Passion and Virtue: Essays on the Novels of Samuel Richardson

Description

344 pages
Contains Illustrations, Bibliography, Index
$55.00
ISBN 0-8020-3503-5
DDC 823'.6

Year

2001

Contributor

Edited by David Blewett

Kathleen James-Cavan is an assistant professor and Graduate Chair of the
English Department at the University of Saskatchewan. She is the editor
of Sense and Sensibility.

Review

Passion and Virtue is a collection of essays on Pamela, Clarissa, and
Sir Charles Grandison taken from the first 12 years of the periodical
Eighteenth-Century Fiction.

Textuality forms the core of the articles on Pamela. John Pierce shows
that Pamela’s increasingly sophisticated use of texts such as fables
and the Bible parallels her development. John Dussinger situates the
novel in contemporary debates about state censorship, concluding that
“Pamela’s triumphant virtue was no less than the power of the
written word over the presumptive aristocratic social hierarchy.”
Alberto Riviero problematizes the novel’s happy ending, observing that
it depends “on secrecy, on deceit, on a providential rewriting that
allows the seducer the pleasant exercise of pitying his victim.” Betty
Schellenberg’s essay on Pamela 2 explores Richardson’s attitude to
“faction.”

Four of the six essays on Clarissa concern the novel’s relation to
religious doctrine of the day. Jocelyn Harris reads the conflict between
Clarissa and Lovelace as one between Christian Platonism and Hobbism.
While Peggy Thompson views Clarissa’s status as a passive Christ
figure, Robert Erickson argues that the novel is a “radical
exploration and reworking of the main doctrines of Protestant
Christianity.” Margaret Ann Doody identifies two Gnostic influences on
Clarissa that illuminate Richardson’s moral vision. Rachel K. Carnell
and David P. Gunn deal with the novel’s bourgeois aspects.

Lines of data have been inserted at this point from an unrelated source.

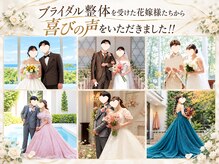 整体院 碧(AOI)の雰囲気(お客様のお悩みをしっかり聞き取りドレスに似合う体型へ♪)
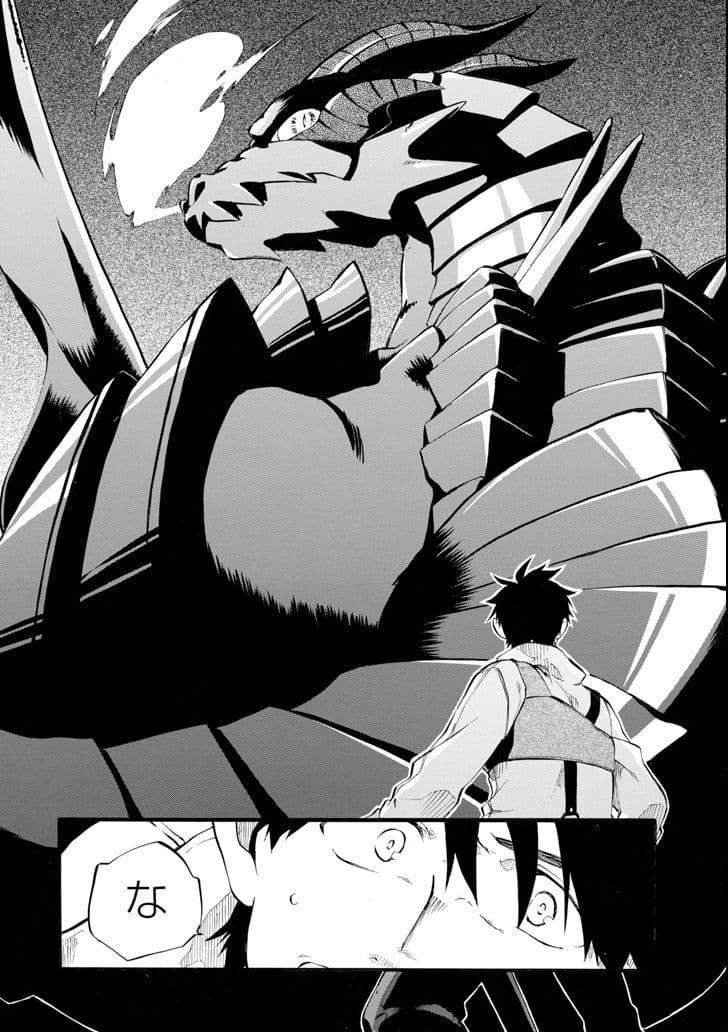 Ossan Boukensha Kein no Zenkou 1-1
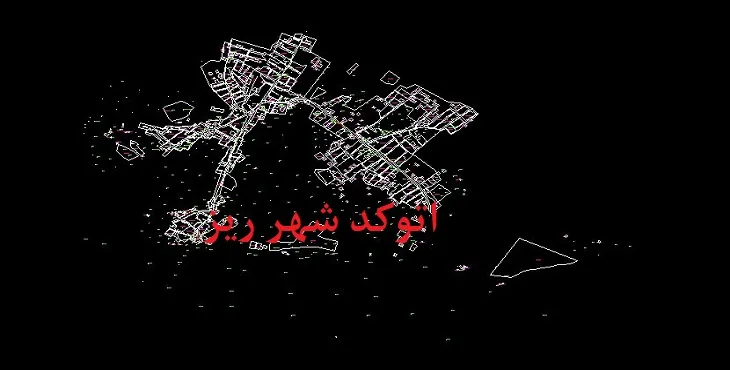 دانلود نقشه اتوکد شهر ریز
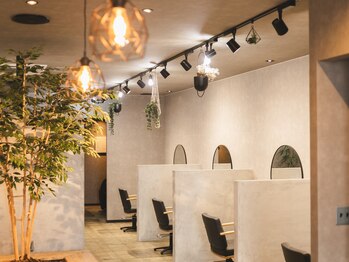 Maison Wit【メゾン ウィット】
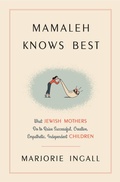 Cover: Mamaleh Knows Best - Harmony Books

The four essays on Sir Charles Grandison seek to counter its current
unpopularity. Juliet McMaster reads the novel with an “emphasis on the
women and the body” that balances the text’s moralizing. Lois Chaber
argues that “[a] problematic—even subversive—fictional
deployment” of Christian ideas lies beneath the novel’s “surface
pomposities.” Wendy Jones explains that through the problem of the
good man in love with two women, Richardson demonstrates the range of
“available modes of feeling,” with an emphasis on “sentimental
love.” In its search for the “language of nature” that
“encourages self-knowledge,” argues George Haggarty, the novel
mitigates the dangers of excessive interiority.

This handsome volume makes an important contribution to studies of the
novel in general and Richardson scholarship in particular.